A year after Hurricane Maria, homes remain in ruins along the beach in Yabucoa, Puerto Rico. Photo: Carolyn Cole / Los Angeles Times

By Paloma Esquivel
20 September 2018
SAN JUAN, Puerto Rico (Los Angeles Times) – The rain falling into Bianca Cruz Pichardo’s home in Puerto Rico’s capital forms a small stream from her living room to the kitchen, past a cabinet elevated by cinder blocks.
The living room is dark, save for some light coming from the kitchen and a bedroom. The 25-year-old cannot bring herself to install light bulbs in the ceiling’s sockets because she fears being electrocuted.
For a year, her landlord in San Juan has told her he will repair damage caused when Hurricane Maria ripped through the island last September, she said, but still nothing. The worst of the rain is kept out by a blue tarp that serves as a temporary roof.
“He says, ‘This week I’ll bring the materials over,’” she said recently. “But he doesn’t do anything.”

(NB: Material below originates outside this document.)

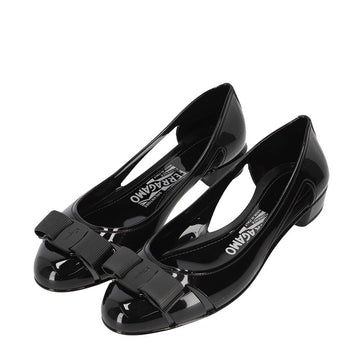 SALVATORE FERRAGAMO VARA JELLY ネロ 0726363 68114440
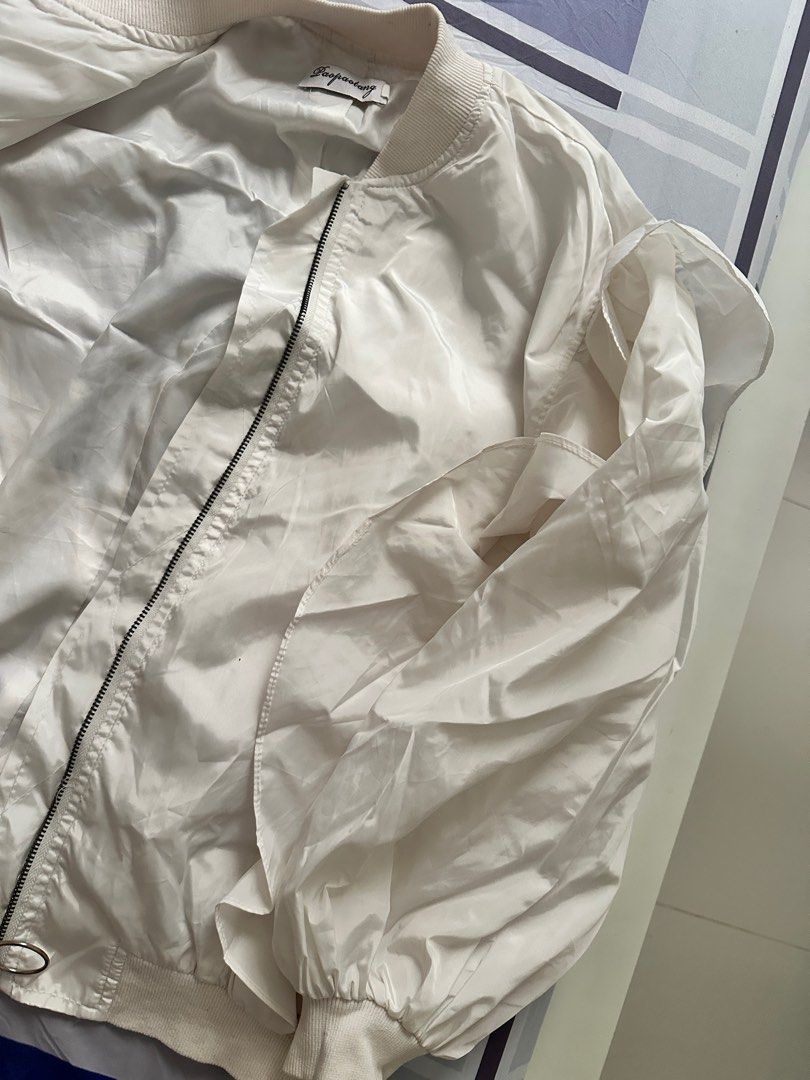 Jacket White S-L Vintage Style/Pop (Category: Coats, Jackets and Outerwear) located in Makati City. Submitted by shimini (Listing ID 1381678528, Image 2). Description: White Jacket size S-M Makati/Taguig City.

Throughout Puerto Rico, the destruction caused by the devastating wind and rain generated by the Category 4 hurricane a year ago Thursday still shapes daily life.
Thousands of families rely on the blue tarps to protect themselves and their homes while awaiting repairs, many residents face financial struggles exacerbated by the storm, neighborhoods are dotted with shuttered schools and abandoned homes, and some residents can’t help worrying about whether they’ll survive when the next storm hits.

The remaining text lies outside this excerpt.